И Петр, со спокойным лицом, как ни в чем не бывало, обратившись к Аврамову, спросил, почему до сей поры не напечатано сочинение астронома Гюйгенса «Мирозрение или мнение о небесноземных глубусах».
Михайло Петрович смутился было, но, тотчас оправившись и смотря прямо в глаза царю, ответил с твердостью:
– Оная книжица самая богопротивная, не чернилом, но углем адским писанная и единому только скорому сожжению в срубе угодная…
– Какая ж в ней противность?
– Земли вращение около солнца полагается и множественность миров, и все оные миры такие же, будто, суть земли, как и наша, и люди на них, и поля, и луга, и леса, и звери, и все прочее, как на нашей земле. И так вкрадчив, хитрит везде прославить и утвердить натуру, чтó есть жизнь самобытную. А Творца и Бога в небытие изводит…
Начался спор. Царь доказывал, что «Коперников чертеж света все явления планет легко и способно изъясняет».
Под защитой царя и Коперника высказывались мысли все более смелые.
– Ныне уже вся философия механична стала! – объявил вдруг адмиралтейц-советник Александр Васильевич Кикин. – Верят ныне, что весь мир таков есть в своем величестве, как часы в своей малости, и что все в нем делается чрез движение некое установленное, которое зависит от порядочного учреждения атомов. Единая всюду механика…
– Безумное атейское мудрование! Гнилое и нетвердое основание разума! – ужасался Абрамов, но его не слушали.
Все старались перещеголять друг друга вольномыслием.
– Весьма древний философ Дицеарх писал, что человека существо есть тело, а душа только приключение и одно пустое звание, ничего не значащее, – сообщил вице-канцлер Шафиров.

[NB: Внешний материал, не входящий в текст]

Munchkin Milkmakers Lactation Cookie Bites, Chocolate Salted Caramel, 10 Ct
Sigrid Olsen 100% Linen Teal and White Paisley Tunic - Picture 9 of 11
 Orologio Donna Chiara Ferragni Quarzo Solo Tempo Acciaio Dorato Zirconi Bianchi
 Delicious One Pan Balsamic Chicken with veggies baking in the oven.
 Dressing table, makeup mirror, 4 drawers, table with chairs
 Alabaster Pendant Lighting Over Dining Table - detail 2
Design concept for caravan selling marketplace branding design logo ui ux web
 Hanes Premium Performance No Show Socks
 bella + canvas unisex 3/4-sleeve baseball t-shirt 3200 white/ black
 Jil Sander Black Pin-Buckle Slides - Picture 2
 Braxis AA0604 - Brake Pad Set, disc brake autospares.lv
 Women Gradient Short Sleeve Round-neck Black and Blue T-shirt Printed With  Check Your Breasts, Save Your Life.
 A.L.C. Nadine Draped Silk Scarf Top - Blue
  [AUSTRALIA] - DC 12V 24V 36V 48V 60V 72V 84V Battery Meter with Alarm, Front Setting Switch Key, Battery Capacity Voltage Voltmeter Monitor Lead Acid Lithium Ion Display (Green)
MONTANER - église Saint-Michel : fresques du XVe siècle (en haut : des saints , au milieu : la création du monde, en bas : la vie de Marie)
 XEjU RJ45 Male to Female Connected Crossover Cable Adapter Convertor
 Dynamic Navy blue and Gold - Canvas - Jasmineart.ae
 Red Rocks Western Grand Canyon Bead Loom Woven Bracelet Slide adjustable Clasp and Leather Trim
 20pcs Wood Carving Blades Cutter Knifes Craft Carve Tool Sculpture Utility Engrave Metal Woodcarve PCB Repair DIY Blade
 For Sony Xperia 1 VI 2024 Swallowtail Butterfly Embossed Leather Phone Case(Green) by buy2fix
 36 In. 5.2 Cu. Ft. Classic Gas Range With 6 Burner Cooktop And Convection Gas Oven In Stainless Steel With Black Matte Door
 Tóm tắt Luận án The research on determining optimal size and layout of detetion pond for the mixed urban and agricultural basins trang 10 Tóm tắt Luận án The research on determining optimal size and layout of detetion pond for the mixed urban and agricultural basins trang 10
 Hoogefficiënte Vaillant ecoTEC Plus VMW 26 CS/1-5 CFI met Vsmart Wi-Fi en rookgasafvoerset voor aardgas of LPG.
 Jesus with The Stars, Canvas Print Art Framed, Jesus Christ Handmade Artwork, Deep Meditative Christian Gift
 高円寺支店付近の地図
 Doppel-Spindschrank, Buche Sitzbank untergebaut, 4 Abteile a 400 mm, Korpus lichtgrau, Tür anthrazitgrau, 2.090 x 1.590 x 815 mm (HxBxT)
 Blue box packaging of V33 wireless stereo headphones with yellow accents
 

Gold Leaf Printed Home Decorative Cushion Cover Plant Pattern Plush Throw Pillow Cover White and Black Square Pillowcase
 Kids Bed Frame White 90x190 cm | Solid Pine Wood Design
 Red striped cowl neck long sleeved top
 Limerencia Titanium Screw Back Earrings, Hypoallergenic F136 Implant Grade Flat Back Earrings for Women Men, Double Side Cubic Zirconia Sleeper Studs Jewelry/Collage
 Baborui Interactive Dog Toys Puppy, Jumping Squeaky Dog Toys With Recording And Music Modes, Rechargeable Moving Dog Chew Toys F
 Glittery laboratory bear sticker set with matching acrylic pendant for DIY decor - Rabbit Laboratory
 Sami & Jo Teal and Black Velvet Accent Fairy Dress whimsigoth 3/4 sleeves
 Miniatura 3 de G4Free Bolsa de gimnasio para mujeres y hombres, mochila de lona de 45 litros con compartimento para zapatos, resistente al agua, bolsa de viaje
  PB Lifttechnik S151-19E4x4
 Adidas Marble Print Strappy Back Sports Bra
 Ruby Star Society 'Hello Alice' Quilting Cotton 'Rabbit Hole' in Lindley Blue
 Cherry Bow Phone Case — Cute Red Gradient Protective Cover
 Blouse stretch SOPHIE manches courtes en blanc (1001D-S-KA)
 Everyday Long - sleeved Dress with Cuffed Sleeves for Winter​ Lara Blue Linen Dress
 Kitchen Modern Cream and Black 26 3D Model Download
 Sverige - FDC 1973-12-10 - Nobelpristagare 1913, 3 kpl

– Через микроскопиум усмотрели в семени мужском животных, подобных лягушкам, или головашкам, – ухмыльнулся Юшка Проскуров так злорадно, что вывод был ясен: никакой души нет. По примеру всех парижских щеголей, была и у него своя «маленькая философия», «une petite philosophie», которую излагал он с такою же галантною легкостью, с какою напевал парикмахерскую песенку: «tignonnez, tignonnez, bichonnez moi».
– По Лейбницеву мнению, мы только гидраулические мыслящие махины. Устерц нас глупее…
– Врешь, не глупее тебя! – заметил кто-то, но Юшка продолжал невозмутимо:
– Устерц глупее нас, душу имея прилипшую к раковине, и по сему пять чувств ему ненадобны. А может быть, в иных мирах суть твари о десяти и более чувствах, столь совершеннее нас, что они так же дивятся Невтону и Лейбницу, как мы обезьяньим и пауковым действиям…
Царевич слушал, и ему казалось, что в этой беседе происходит с мыслями то же, что со снегом во время петербургской оттепели: все расползается, тает, тлеет, превращается в слякоть и грязь, под веянием гнилого западного ветра. Сомнение во всем, отрицание всего, без оглядки, без удержу, росло, как вода в Неве, прегражденной ветром и грозящей наводнением.